For the above question, after solving the circuit in frequency domain, I got the value of $$i_0(t) = 1.14\cos(3000t-55.3) mA $$ approximately (The calculations in the middle of steps was not approximated.)

Now, when I stimulate this in LTspice I get the following: The peak is approximately 1.056 mA of the current.

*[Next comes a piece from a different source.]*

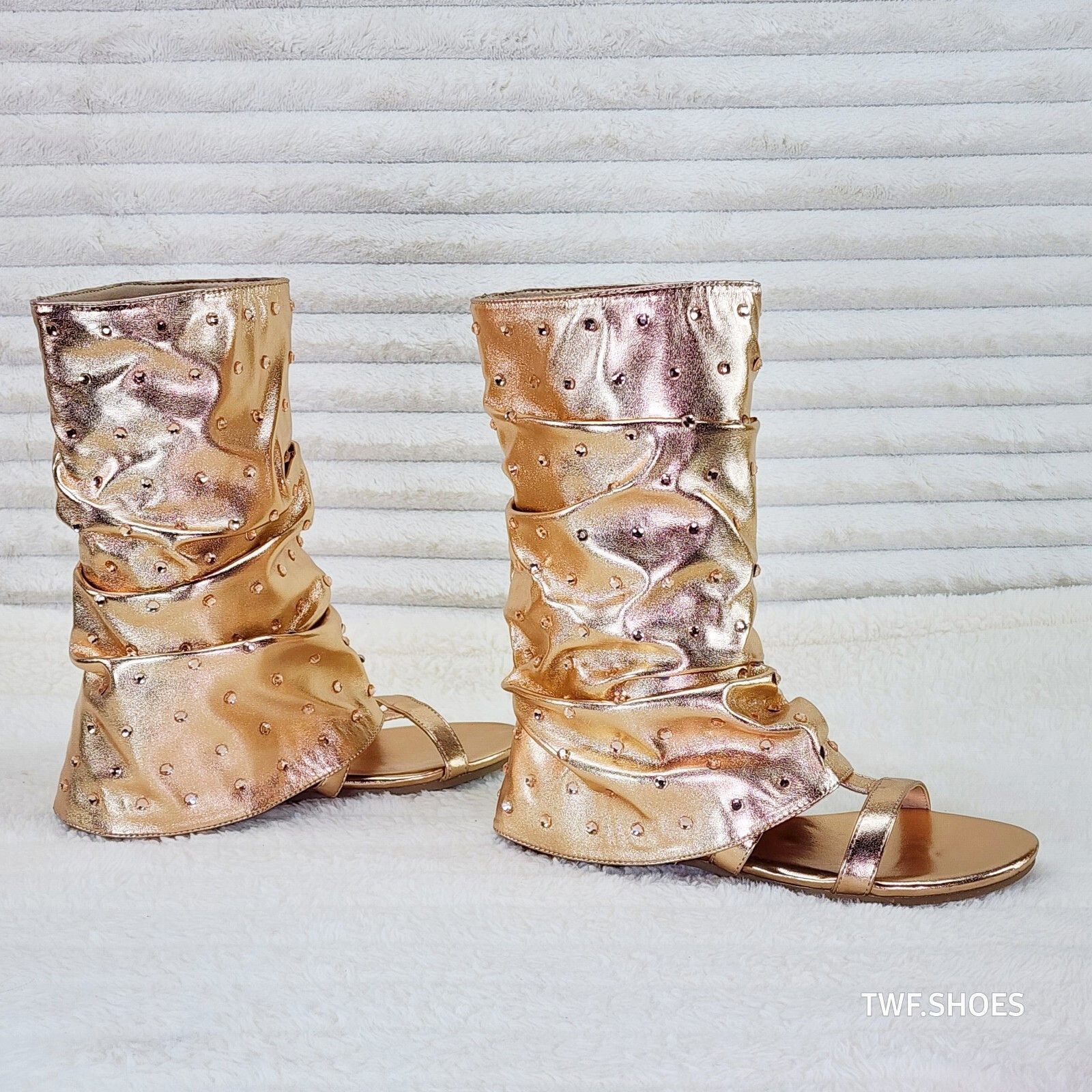 Other Fabulous Metallic Rose Gold Upper & Rhinestones Sandal Slouc Size US 7.5 / IT 37.5 - 3 Thumbnail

There is a slight difference between the theoretical value and the value LTspice displays.

This did not happen only in this question, but many questions, where there always is a difference of about the second digit. (For instance, 840 V vs 865 V)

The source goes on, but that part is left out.